--- Information supplied ---

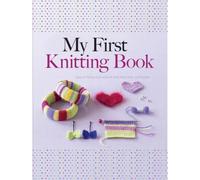 My First Knitting Book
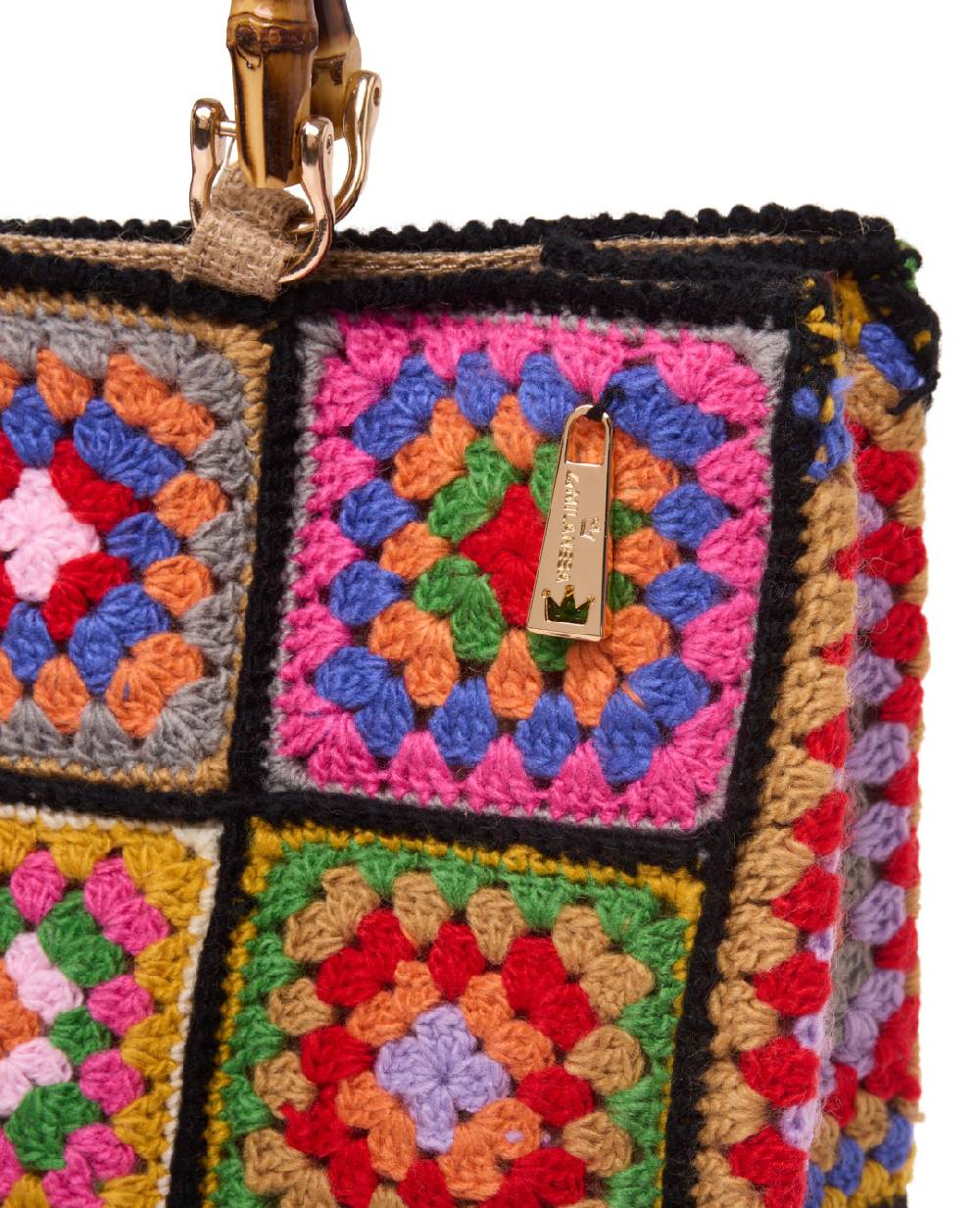 LaMilanesa CROCHET LARGE Promozione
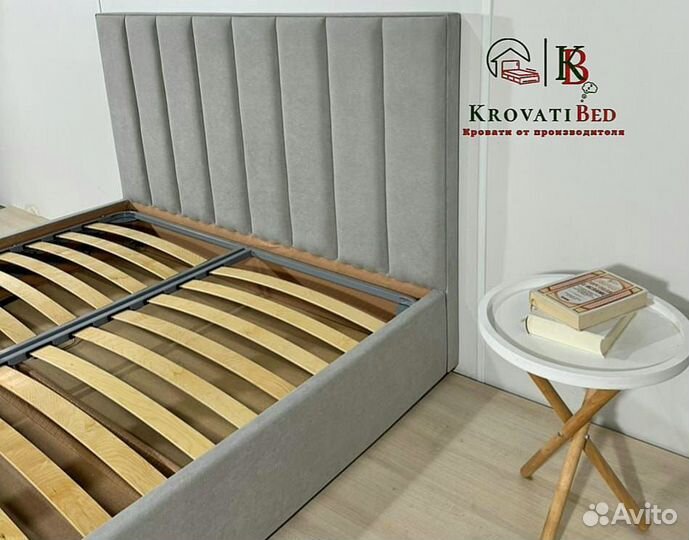 Кровать двуспальная 180/200 новая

---

• _Task description_
Go through the material above and print all of it exactly, except the pictures.

• _Answer box_
 My First Knitting Book
 LaMilanesa CROCHET LARGE Promozione
 Кровать двуспальная 180/200 новая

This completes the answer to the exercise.